HORSECARS AND STEAM TRAMS!
Rafael A. Gil Fornés, who lives in Buenos Aires, Argentina, has created a unique and exciting “living museum” of urban transportation in the 1890s. Featuring working horse cars and steam tram locomotives in OO scale (1:76), Rafael’s small layout recreates the atmosphere of Old Madrid but includes models from many cities of the world.
Rolling stock is made from metal, copying old photographs and preserved vehicles measured in museums. The overall effect is almost magical — a recreation of a bygone era in transport. I urge you to learn more about this amazing layout, including some of Rafael’s unconventional techniques for applying LED lighting and for using eccentric cams to obtain realistic equine gaits, at his website. (To obtain a translation from Spanish, enter the site URL into Alta Vista’s Babelfish service and select the translation desired.)
GIVE MY REGARDS TO BOX STREET
Jeff Hartmann, from Long Beach, California, sent along this photo of his mockup of a version of Box Street Yard that is even smaller than the original! Jeff laid out the HO trackage on a table to make sure everything would fit in 36″x9″.
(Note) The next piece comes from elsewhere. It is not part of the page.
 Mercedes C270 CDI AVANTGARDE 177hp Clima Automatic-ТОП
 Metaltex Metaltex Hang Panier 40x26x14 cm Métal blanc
Notice that he has flipped the layout plan 180 degrees to better suit the trackage he has available. The sector plate will be at the left, behind the partial backscene.
Quite a number of Box Street Yard variations are now under constrction in various parts of the world. This layout design by Jack Trollope is well on its way to becoming a new classic!
PROGRESS REPORT FROM HEDGEHOG HILL
Bill Cooke checks in with an impressive progress report on his Hedgehog Hill Estate Railway, which carries New York state wine from the winery (top level) to the shipping wharf (lower level). These models are extremely large — they’re built in 7/8n2 scale, using G-gauge trackage to represent two-foot gauge prototypes! Bill’s layout in this giant scale measures 84″x36″ — but it really is a small layot when you consider that the same display built in On2 scale would measure just 25″x10″!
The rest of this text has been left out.